Watching Tim and Eric Awesome Show, Great Job!, a sketch-based comedy on Adult Swim, I realized that Mike Judge was really onto something when he wrote the story for his movie Idiocracy. In the film, Americans 500 years from now are so intellectually impoverished that people considered to be of average intelligence today are regarded as super-geniuses. The most popular TV show in this future world is called Ow, My Balls!!!, in which the only thing that happens to the main character is a series of painful encounters of random objects with his testicles. Awesome Show is clearly a foretaste of this new, dumb world order.
The episodes essentially consist of crude green-screen editing and people with hairy faces and large, misshapen eyes popping up in unexpected places. Tim Heidecker and Eric Wareheim, who do impersonations but mostly play themselves, also perform a fair number of cheesy songs and infomercials for ridiculous products—diarrhea-inducing cream, gravy robbers, slop, child clowns. Like too many shows today, Awesome Show concentrates most on being unsettling, wacky, and fast-paced. Awesome Show, while not completely terrible, exemplifies “instant gratification” and its negative consequences for the health of our society.
The show’s sketch structure is appropriate for Adult Swim, and the lack of any real direction or reason for making us watch Tim and Eric screw around is as fine a premise for a show as most comedies have nowadays. But flashes of meatballs with the words “Balls” printed across the screen, followed by a skit and another pair of meatballs now covered in dark, creamy sauce with the words “Bloody Balls,” really made me wonder: How was this show even pitched?
Bleeding heads, flashes of neon colors, and distorted faces making strange sounds are apparently what we have come to desire from Adult Swim, although the network still has other, worthier programming. It is true that this show contains many of the antics we might play out with our friends, but in the end it makes for sub-par programming because there is too little thought behind it.

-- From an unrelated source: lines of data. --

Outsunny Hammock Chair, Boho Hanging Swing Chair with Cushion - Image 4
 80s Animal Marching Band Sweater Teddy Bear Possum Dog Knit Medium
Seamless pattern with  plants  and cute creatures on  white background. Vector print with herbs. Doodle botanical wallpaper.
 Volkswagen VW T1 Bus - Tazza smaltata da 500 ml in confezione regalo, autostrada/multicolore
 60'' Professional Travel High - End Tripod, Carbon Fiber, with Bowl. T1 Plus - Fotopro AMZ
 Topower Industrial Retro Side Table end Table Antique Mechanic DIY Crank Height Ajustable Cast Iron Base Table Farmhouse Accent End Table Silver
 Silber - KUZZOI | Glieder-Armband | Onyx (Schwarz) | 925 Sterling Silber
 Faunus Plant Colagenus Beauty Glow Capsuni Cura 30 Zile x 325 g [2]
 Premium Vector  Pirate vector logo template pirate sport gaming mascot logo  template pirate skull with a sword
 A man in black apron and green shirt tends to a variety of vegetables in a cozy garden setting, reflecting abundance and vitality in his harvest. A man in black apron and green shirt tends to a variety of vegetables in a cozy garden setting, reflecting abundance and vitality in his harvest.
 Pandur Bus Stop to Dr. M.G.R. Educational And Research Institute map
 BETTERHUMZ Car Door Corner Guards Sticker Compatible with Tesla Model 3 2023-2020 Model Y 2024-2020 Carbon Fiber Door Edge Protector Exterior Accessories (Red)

I will admit that there is some original thought in Awesome Show. The first episode sees Tim clearly pointing out the fact that his dad, or any sane father for that matter, would not be proud of his son for making such a show. The two boys have stupid-looking but funny facial expressions and mannerisms from time to time. But the cameos are really what save the show; Michael Cera, John C. Reilly, and Will Forte, among others, have sketches of their own. Cera plays his usual awkward self, Reilly’s Steve Brule is the quintessential senseless news broadcaster, and Forte is just a little bit creepy.
Tim and Eric have created a masterpiece for the restless, easily amused, bright color–loving, rational thought–loathing young American. I really do not think people from other countries would enjoy this. And idiocracy might be coming sooner than anyone thought.